8.1 FE Review - Mathematics#
Readings#
Videos#
Example 3#
Select all the root(s) in \(f(x)=x^2−4x−3\).
A. \(4+\sqrt{3}\)
B. \(2+\sqrt{7}\)
C. \(2−\sqrt{7}\)
D. \(4−\sqrt{3}\)
Work it out#
To find the roots of an equation, first set \(f(x)\) to 0.
\(x^2−4x−3=0\)
For simple equations, you can factor them by hand, but this equation does not factor easily. 3 can be factored into 1 and 3. However, one must be negative and one positive for their multiple to be -3. There is no way to sum those to get -4. Instead simply use the quadratic formula (a.k.a. the quadratic equation) if the equation can’t be factored easily or if you are unsure.

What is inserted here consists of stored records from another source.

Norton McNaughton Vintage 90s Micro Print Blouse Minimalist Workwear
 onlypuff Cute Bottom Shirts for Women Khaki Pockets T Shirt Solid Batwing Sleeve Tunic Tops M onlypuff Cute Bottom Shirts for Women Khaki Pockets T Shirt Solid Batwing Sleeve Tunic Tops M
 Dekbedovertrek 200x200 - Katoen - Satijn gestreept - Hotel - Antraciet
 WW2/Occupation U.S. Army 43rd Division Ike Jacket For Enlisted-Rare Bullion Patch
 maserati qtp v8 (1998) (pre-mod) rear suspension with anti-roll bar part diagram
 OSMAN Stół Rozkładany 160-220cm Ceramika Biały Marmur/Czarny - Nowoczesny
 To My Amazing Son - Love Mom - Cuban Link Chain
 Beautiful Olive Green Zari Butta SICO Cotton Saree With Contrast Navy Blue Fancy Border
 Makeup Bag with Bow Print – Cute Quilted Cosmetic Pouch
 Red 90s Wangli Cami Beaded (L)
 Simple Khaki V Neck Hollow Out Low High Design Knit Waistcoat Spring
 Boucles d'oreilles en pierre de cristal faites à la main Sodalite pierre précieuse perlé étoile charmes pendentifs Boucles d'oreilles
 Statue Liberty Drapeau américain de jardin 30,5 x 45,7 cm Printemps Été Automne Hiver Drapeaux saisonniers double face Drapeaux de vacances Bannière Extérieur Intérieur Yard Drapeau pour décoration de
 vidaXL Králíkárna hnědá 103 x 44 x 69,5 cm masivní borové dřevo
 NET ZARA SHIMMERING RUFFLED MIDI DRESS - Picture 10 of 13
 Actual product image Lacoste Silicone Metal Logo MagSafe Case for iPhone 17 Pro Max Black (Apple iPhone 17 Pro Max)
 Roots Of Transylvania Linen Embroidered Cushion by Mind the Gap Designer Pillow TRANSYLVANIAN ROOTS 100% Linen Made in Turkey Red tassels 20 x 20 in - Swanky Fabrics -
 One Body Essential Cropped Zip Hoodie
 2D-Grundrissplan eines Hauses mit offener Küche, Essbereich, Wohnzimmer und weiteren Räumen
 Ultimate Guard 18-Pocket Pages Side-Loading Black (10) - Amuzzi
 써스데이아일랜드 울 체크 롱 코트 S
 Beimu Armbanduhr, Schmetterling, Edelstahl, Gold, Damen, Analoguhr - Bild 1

A quadratic equation is of the form:
\(ax^2+bx+c=0\)
So we have \(a=1\), \(b=−4\), and \(c=−3\). The quadratic formula is:
\(x= \frac{-b \pm \sqrt{b^2-4ac}}{2a}\)
Substitute and solve as
\(x= \frac{-(-4) \pm \sqrt{(-4)^2-4(1)(-3)}}{2(1)} = 2 \pm \sqrt{7}\)
Choose B and C